As different parts of the province move into stages of re-opening, this doesn’t mean that you have to jump back into things. Ask yourself what activities you are comfortable with and what makes you feel uneasy to help you take appropriate risks. Try to keep your first outings small and short and slowly ease your way into more public spaces for longer periods of time—while always following Public Health guidelines. The more safe and successful exposures you have, the less overwhelmed you will likely feel. Just because restaurants may be open for dining, you may only want take-out for a while, for example.

Stay in Your Own Lane

Re-opening the country doesn’t mean the same thing for everyone. The risk you feel comfortable taking, as well as your needs and concerns may be different from other people in your life, so try to avoid comparing your decisions to others’ or feeling pressured to participate in activities that you are not yet comfortable with.
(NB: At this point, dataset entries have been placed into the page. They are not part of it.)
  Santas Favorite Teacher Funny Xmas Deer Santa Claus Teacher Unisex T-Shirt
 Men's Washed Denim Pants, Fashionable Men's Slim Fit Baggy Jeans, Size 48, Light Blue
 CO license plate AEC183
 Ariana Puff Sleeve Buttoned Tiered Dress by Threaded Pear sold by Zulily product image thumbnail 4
Be thoughtful about who you are engaging with socially and know that it’s okay to set boundaries if others aren’t on the same page as you.
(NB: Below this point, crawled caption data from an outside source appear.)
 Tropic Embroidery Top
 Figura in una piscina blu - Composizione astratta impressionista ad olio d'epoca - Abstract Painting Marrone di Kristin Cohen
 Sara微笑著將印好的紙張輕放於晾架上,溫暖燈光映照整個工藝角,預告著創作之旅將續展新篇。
Focus on What You Can Control

Uncertainty and anxiety go hand-in-hand. If you catch yourself focusing on the unknowns like how long the pandemic will last, when a vaccine will be developed, how this will affect the economy, or what will happen if there’s a second wave, try to shift your attention to the many things that you actually can control. Actions like wearing a face covering, following physical distancing guidelines and washing your hands diligently, will help you feel more confident with your decisions as you slowly ease back into daily life. Restricting how much media coverage you allow yourself to consume and how often you talk about the pandemic will also help you feel more in control.

Practice Self Care

Recognize that your feelings are normal and valid and try finding the right coping strategies to help you manage. Do more of the things you enjoy and feel safe doing such as baking, running, gardening, journaling, yoga or connecting with friends, either virtually or in a physically-distanced way, to help you reduce stress and calm your body and mind. It’s also as important now as it was during the lockdown to stay physically active, get enough sleep and eat as well as possible.

When to Get Help?

Healthy levels of anxiety can help motivate you to follow Public Health guidelines and make safe re-entry decisions. But if you notice that your anxiety has become overwhelming and is affecting your day-to-day life, it may be time to reach out to a professional. Here are some signs that you could benefit from extra help and support:

  • You can’t think about anything else other than COVID-19.
  • You regularly experience symptoms or have had multiple tests.
  • You are stockpiling certain supplies.
  • You are having difficulty concentrating, working or caring for yourself or your loved ones.
  • You feel significant distress when you leave your home.
  • You often feel angry and hopeless.
  • You aren’t sleeping well or are sleeping too much.
  • You are experiencing physical symptoms like shortness of breath, chest pain, panic attacks, sweating, nausea or stomach pain.

Your family doctor, psychologist or other health professional can help you find more strategies to manage your anxiety or suggest medications that may be beneficial. Telehealth services through your primary care provider or a therapist or free apps like Anxiety Canada’s MindShift are also great ways to get the support you need from home.